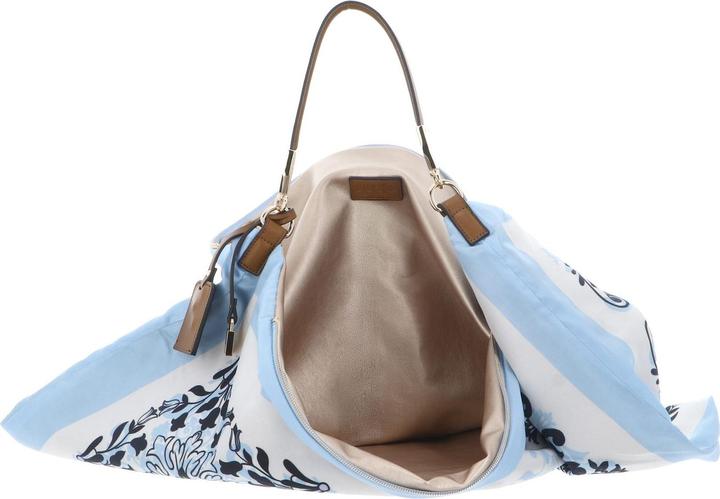 Immagine prodotto Liu Jo Foulard Bag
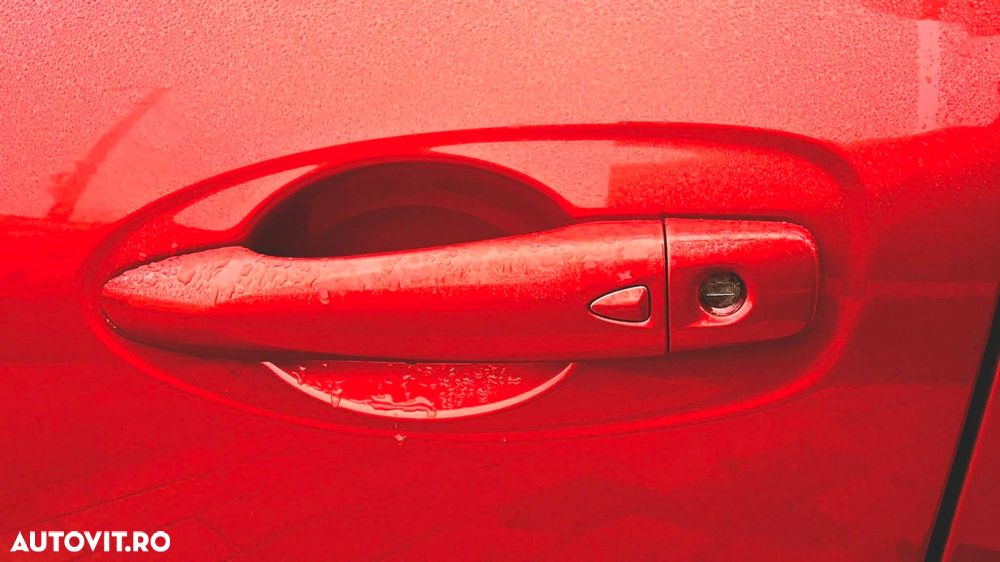 Renault Kadjar TCe 140 GPF BUSINESS EDITION - 17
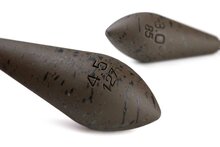 Camotex Distance leads Fox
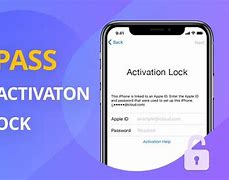 Image result for iPhone 12 Bypass Activation Lock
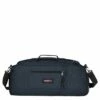 Eastpak Duffl'R L Triple Denim -reis winkel image 7657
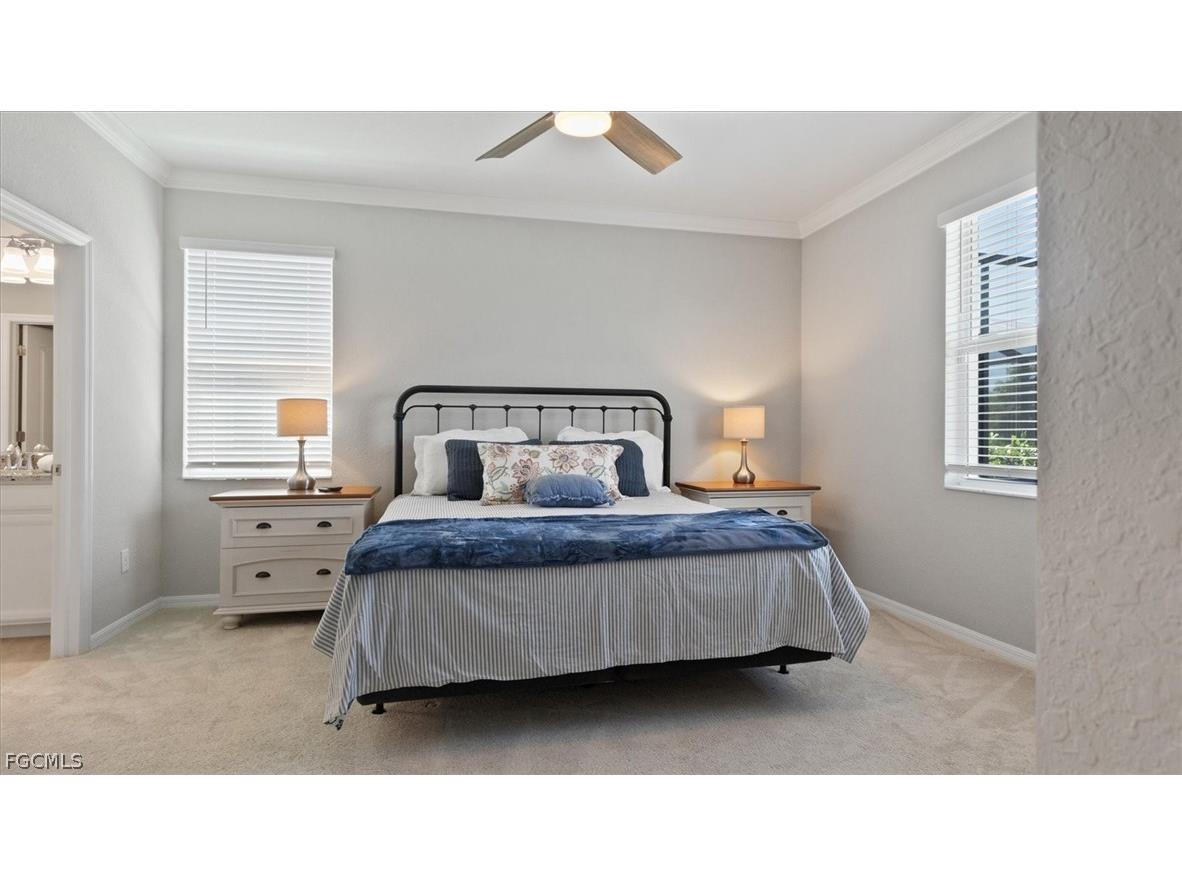 15177 Spanish Point Drive Port Charlotte FL 33981 2026007465 image15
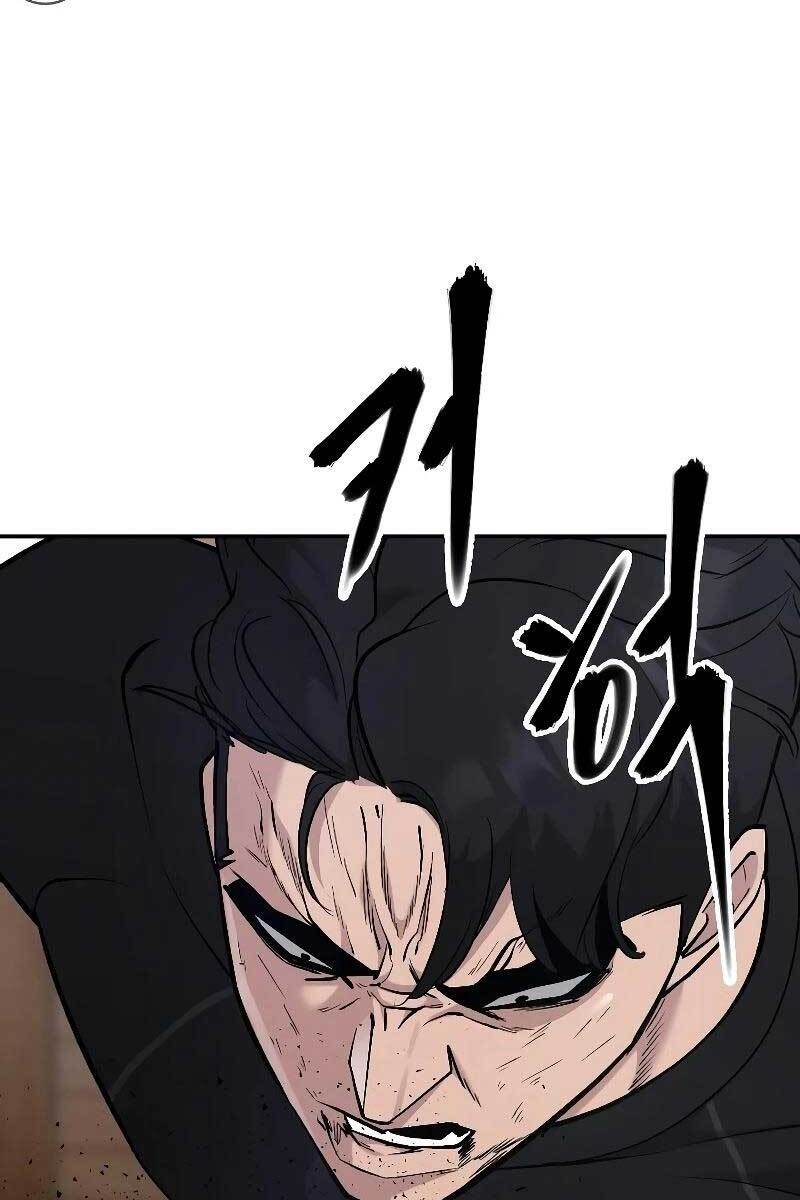 Giang Hồ Thực Thi Công Lý Chap 315 - Next Chap 316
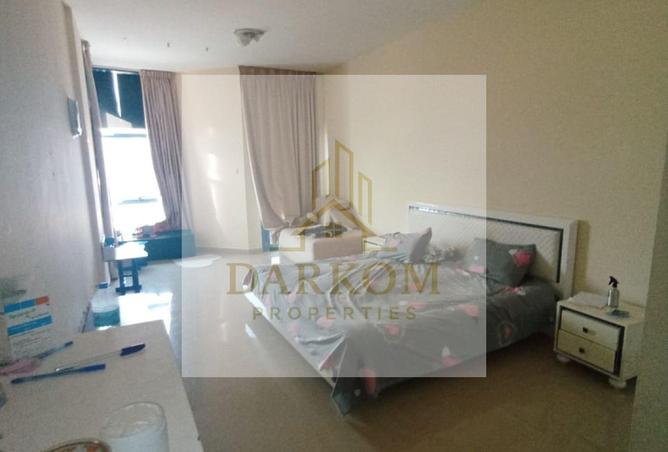 15191900 - Property Main Image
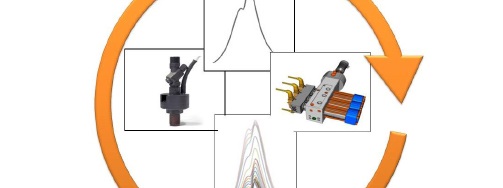 the-intelligent-combustion-control-system-for-rt-flex-engines-50-teaser-image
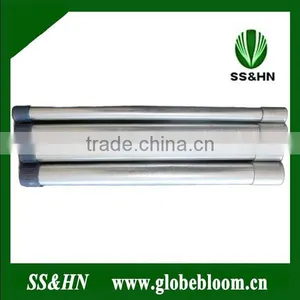Best Quality Seamless Stell Tubes thumbnail-1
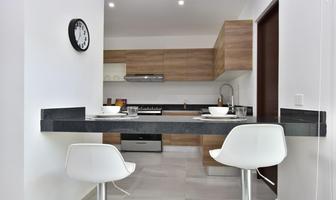 Foto de inmueble en  , Col. Cancún Centro C.P. 77500, Benito Juárez
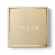 STILA Heaven's Hue Highlighter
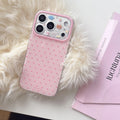 Penwick Pin Dot Case
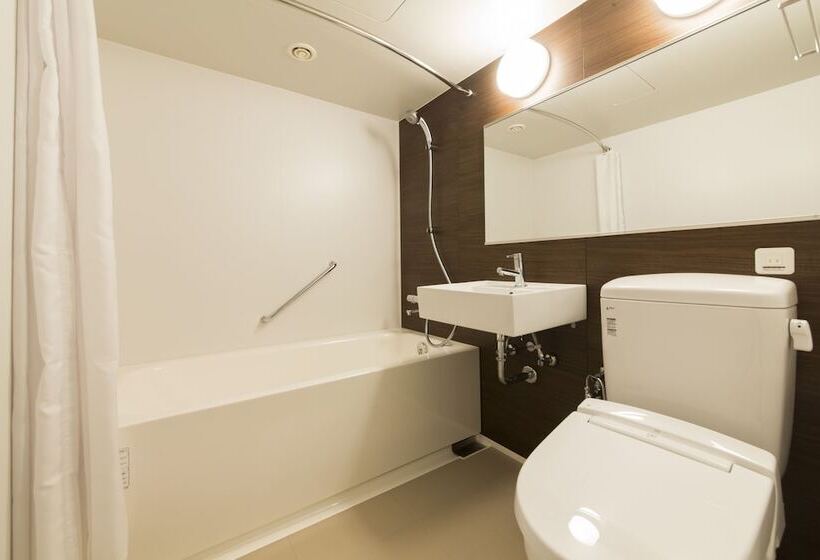 Номер Комфорт, Princess Garden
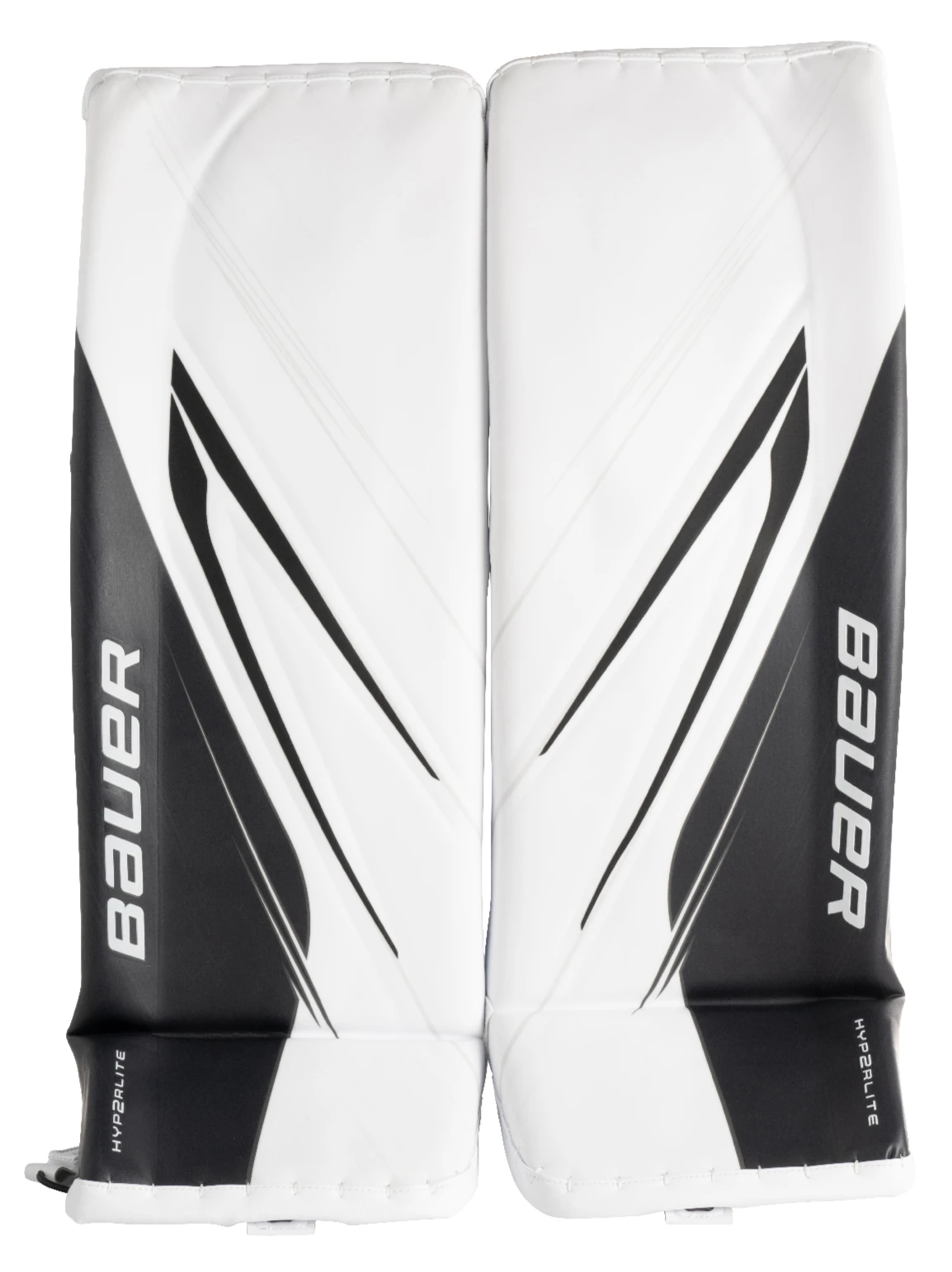 Bauer Vapor Hyperlite2 Senior Goalie Pads 9 Bauer Vapor Hyperlite2 Senior Goalie Pads - Image 7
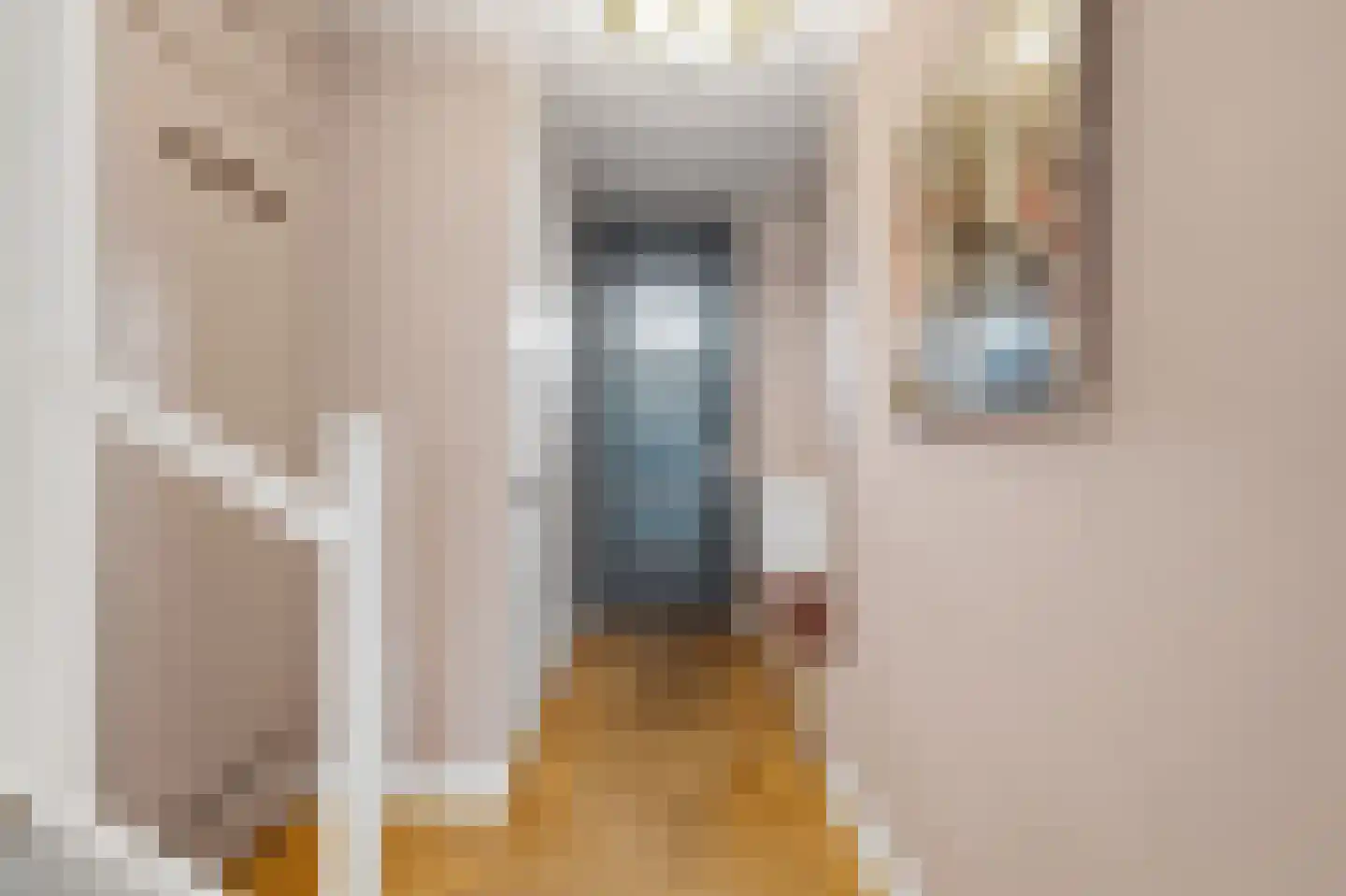 Pastoor Sickingstraat 97 Eindhoven thumbnail 15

= Work required =
An exact copy of the listing above is to be set down, with no pictures in it.

= Problem solution =
 Immagine prodotto Liu Jo Foulard Bag
 Renault Kadjar TCe 140 GPF BUSINESS EDITION - 17
 Camotex Distance leads Fox
 Image result for iPhone 12 Bypass Activation Lock
 Eastpak Duffl'R L Triple Denim -reis winkel image 7657
 15177 Spanish Point Drive Port Charlotte FL 33981 2026007465 image15
 Giang Hồ Thực Thi Công Lý Chap 315 - Next Chap 316
 15191900 - Property Main Image
 the-intelligent-combustion-control-system-for-rt-flex-engines-50-teaser-image
Best Quality Seamless Stell Tubes thumbnail-1
 Foto de inmueble en  , Col. Cancún Centro C.P. 77500, Benito Juárez
 STILA Heaven's Hue Highlighter
 Penwick Pin Dot Case
 Номер Комфорт, Princess Garden
 Bauer Vapor Hyperlite2 Senior Goalie Pads 9 Bauer Vapor Hyperlite2 Senior Goalie Pads - Image 7
 Pastoor Sickingstraat 97 Eindhoven thumbnail 15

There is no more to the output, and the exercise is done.